Saturday, August 20, 2011


Hello, it's a rare post today, one dedicated to culinary techniques!

A few weeks back my sister and I [re]discovered our mutual interest in gastronomic delights. Having said that, there was one thing that stuck after many nights spent watching cooking shows: making my own butter (cow not included.) So, having done my day job, I proceeded to do this butter-making thing. There are plenty of instructions of how to make butter available online, so I'm going to concentrate on the experience of making it.

I'm quite familiar with an electric beater/mixer, having used them extensively for cakes and pastries and all sorts of things in the past. I'm also familiar with how things like eggs and cream turn choppy-liquid-fluffy when they are run under a mixer. Well, butter-making takes cream-beating to another level: curdly and separatist*.
*we ain't militants.

I took a few pictures of the venture so that you could see what I mean:

10 minutes in - liquid cream on right side, thick whipped cream on left
starting to curdle...
I've been spattered enough, it's time to stop.
left side - rosemary, right side - slightly salted
the cat who got the cream
And a video so that we can share how the butter-wrapping process went:

The whole process takes about 20 minutes from start to clean-up, and since butter is roughly 80% fat, you can work out your per-pot yield from the fat content of your pot of cream. Plus, for happy cats and happy humans, there's the added bonus of buttermilk at the end of it. As for myself, the fact that butter-making is so technical (i.e. "watch until physical properties turn XYZ") appeals to me and my that-line-is-almost-straight sensibility. Maybe this is the attraction that draws guys towards steak-making pyrotechnics.

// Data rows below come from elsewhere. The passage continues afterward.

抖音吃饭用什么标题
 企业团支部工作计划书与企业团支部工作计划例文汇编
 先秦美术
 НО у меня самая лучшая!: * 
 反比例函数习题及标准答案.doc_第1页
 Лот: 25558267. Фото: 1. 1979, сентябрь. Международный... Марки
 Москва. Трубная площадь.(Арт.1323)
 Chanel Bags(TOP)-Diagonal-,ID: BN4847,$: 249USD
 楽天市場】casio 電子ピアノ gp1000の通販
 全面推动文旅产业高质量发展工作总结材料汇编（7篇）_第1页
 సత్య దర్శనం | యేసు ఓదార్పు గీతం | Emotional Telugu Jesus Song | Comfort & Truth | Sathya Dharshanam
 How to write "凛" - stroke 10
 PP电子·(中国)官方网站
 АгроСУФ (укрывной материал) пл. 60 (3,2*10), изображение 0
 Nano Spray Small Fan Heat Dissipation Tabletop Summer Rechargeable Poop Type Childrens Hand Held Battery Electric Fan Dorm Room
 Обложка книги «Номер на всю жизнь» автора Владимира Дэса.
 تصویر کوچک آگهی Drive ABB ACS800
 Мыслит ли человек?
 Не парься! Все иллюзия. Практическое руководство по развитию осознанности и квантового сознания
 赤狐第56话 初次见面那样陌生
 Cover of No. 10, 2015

A few tips if you decide to go butter-making:
- get your paper rounds ready before you start beating the cream
- a standing mixer is a great boon (KitchenAid, anyone?)
- spatter-guard helps guard clothes from spatters (especially towards the end)
- a silicone scraper and clean cheesecloth are handy for packaging

Alright then, that's all for now, I better get back to the pattern table!